Image-text web data

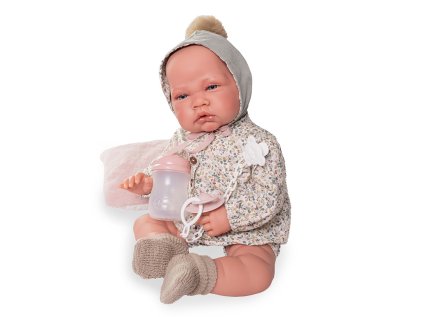 novorozenecka panenka lua s cepickou a bambuli 42 cm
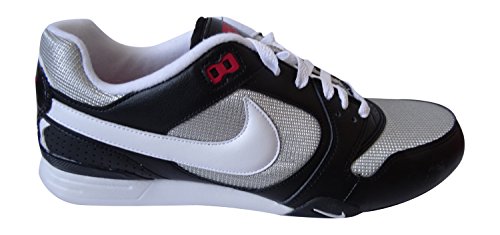 nike saku mens trainers 340026 sneakers shoes (uk 9 us 10 eu 44, metallic silver white black sprint red 013)
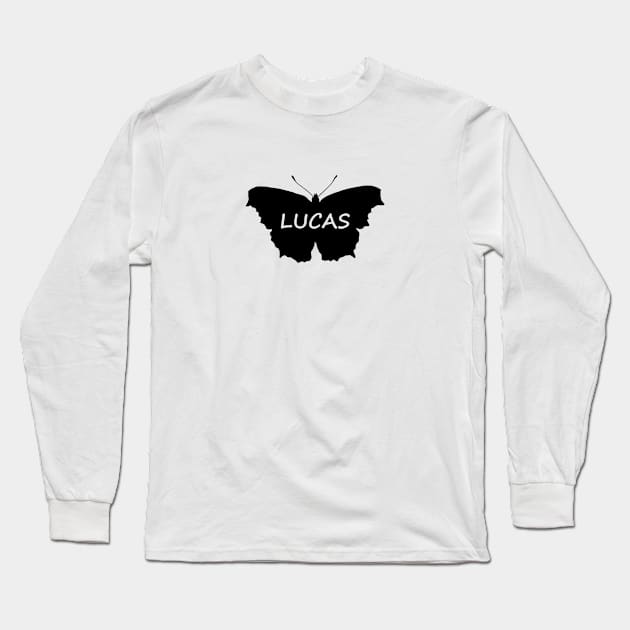 Lucas Butterfly Long Sleeve T-Shirt by gulden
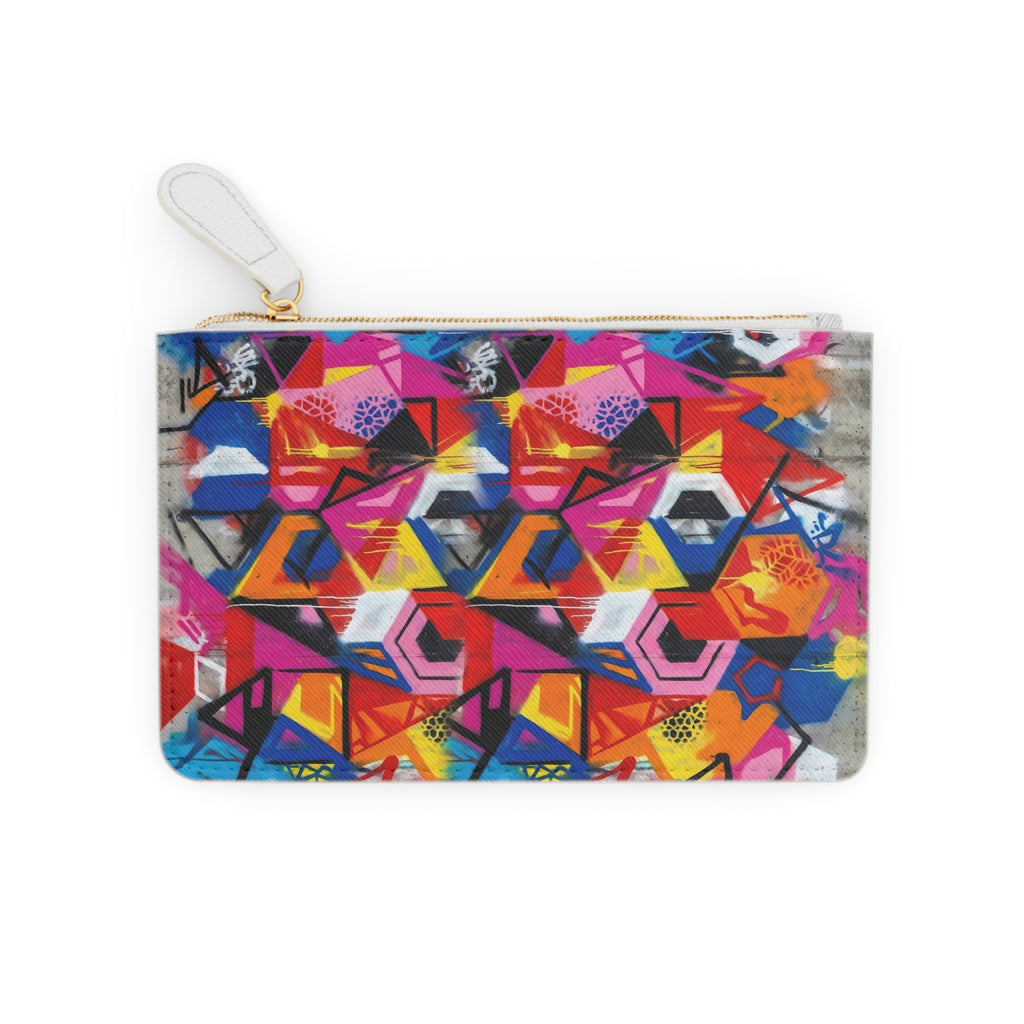 Mini Clutch Bag - Graffiti Art Vibrant Street-Style Wristlet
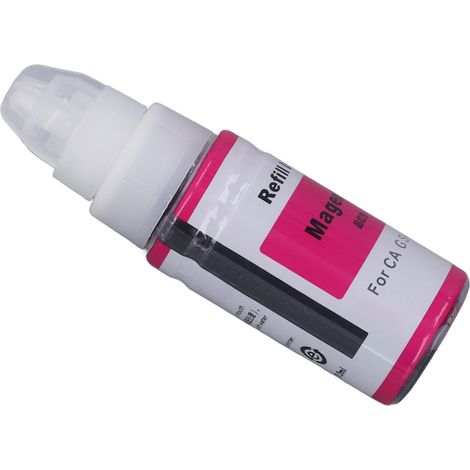 Schnell nachfüllbare Tinte für G1800 G2800 G1810 G2810 G3800 G3810 Drucker, 70ml Magenta-Kartusche, wirtschaftlicher Ersatz und sofort trocknend. (1/5)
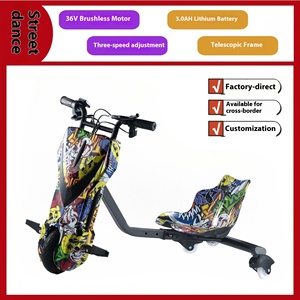 DomeRide V8 36V 电动漂移车，适合 6-8 岁儿童，三轮双摇杆，数字显示灯，承重 100 公斤，现代户外型 - Product Image 6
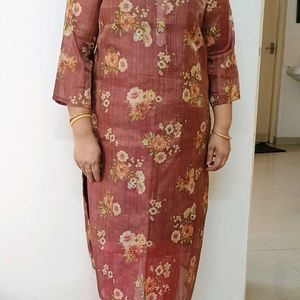 Floral Brown Kurti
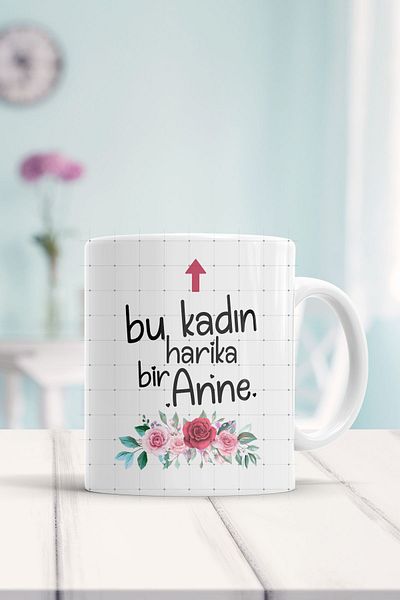 ÇELİKLER HEDİYE This Woman Is A Wonderful Mother Printed Mug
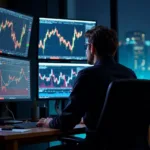 Expert analyzing stock market trends and speculation effects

Action item: Reproduce, word for word, the lines from the one containing "Floral Brown Kurti" through the final line above. Leave every picture out.

Your response:
 Floral Brown Kurti
 ÇELİKLER HEDİYE This Woman Is A Wonderful Mother Printed Mug
 Expert analyzing stock market trends and speculation effects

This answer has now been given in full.